━━ Record excerpts ━━
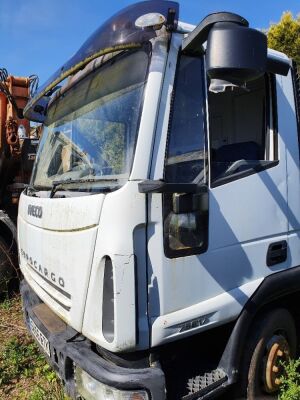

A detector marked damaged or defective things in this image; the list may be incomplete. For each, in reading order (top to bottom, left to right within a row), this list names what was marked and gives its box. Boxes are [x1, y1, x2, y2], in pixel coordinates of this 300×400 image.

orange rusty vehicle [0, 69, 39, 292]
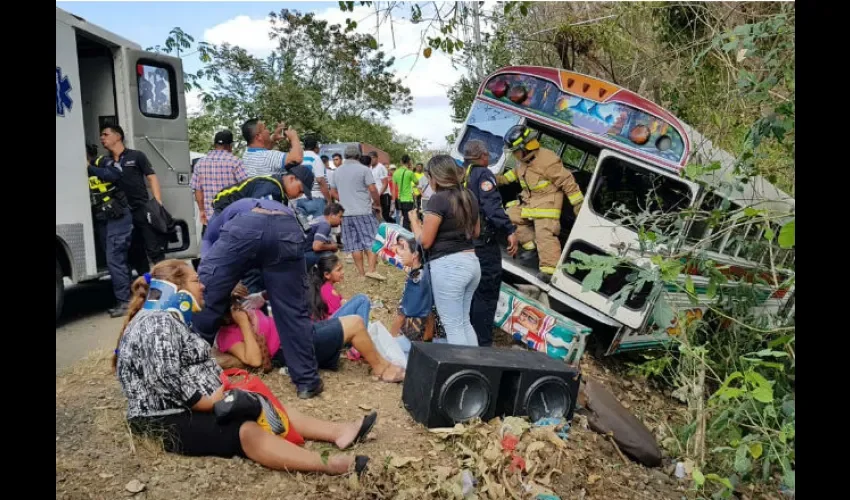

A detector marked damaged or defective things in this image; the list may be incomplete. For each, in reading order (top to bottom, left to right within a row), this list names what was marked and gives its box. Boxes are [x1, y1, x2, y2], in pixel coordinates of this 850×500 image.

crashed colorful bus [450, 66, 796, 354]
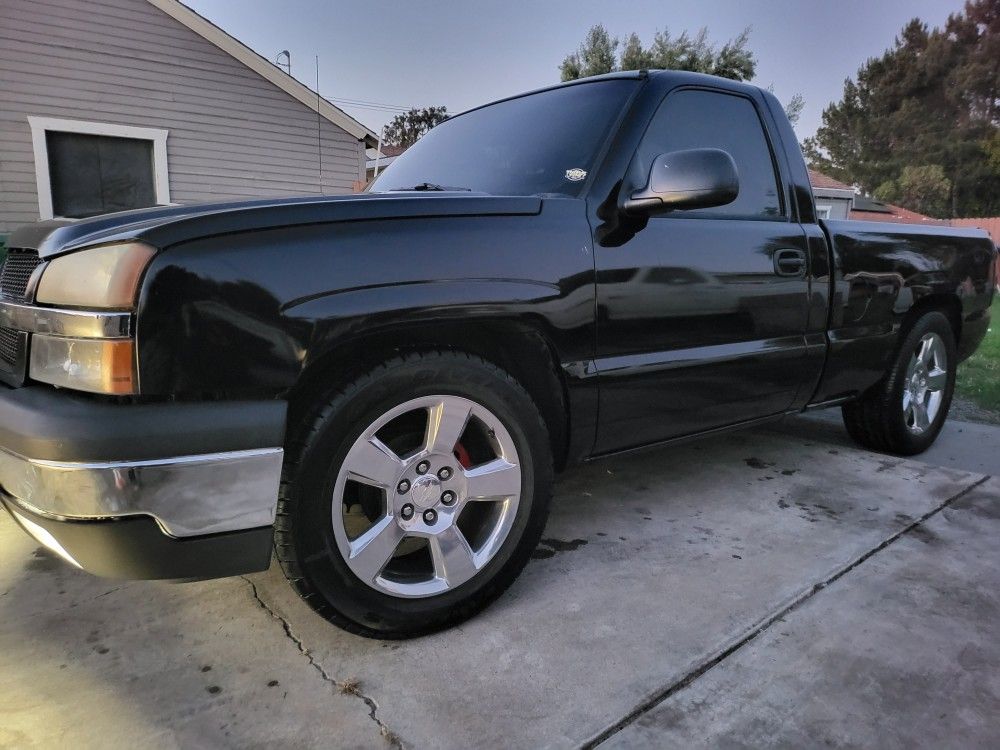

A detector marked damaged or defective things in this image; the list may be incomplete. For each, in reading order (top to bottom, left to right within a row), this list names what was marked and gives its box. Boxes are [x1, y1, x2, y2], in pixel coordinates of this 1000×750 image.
━━━
▶ About this exercise
Put each line of the listing above into the copy exactly, dropping the pictures.

▶ Response box
A detector marked damaged or defective things in this image; the list may be incomplete. For each, in reading order (top to bottom, left to right within a row), this list names what was marked and gives its box. Boxes are [x1, y1, x2, y2], in pixel coordinates of this 300×400 image.

orange rusty vehicle [0, 69, 39, 292]

A detector marked damaged or defective things in this image; the list may be incomplete. For each, in reading order (top to bottom, left to right within a row), this list names what was marked and gives its box. Boxes are [x1, y1, x2, y2], in pixel coordinates of this 850×500 image.

crashed colorful bus [450, 66, 796, 354]

A detector marked damaged or defective things in this image; the list may be incomplete. For each, in reading order (top to bottom, left to right within a row), this list names what was marked and gives its box. Boxes are [x1, y1, x2, y2], in pixel coordinates of this 1000×750 image.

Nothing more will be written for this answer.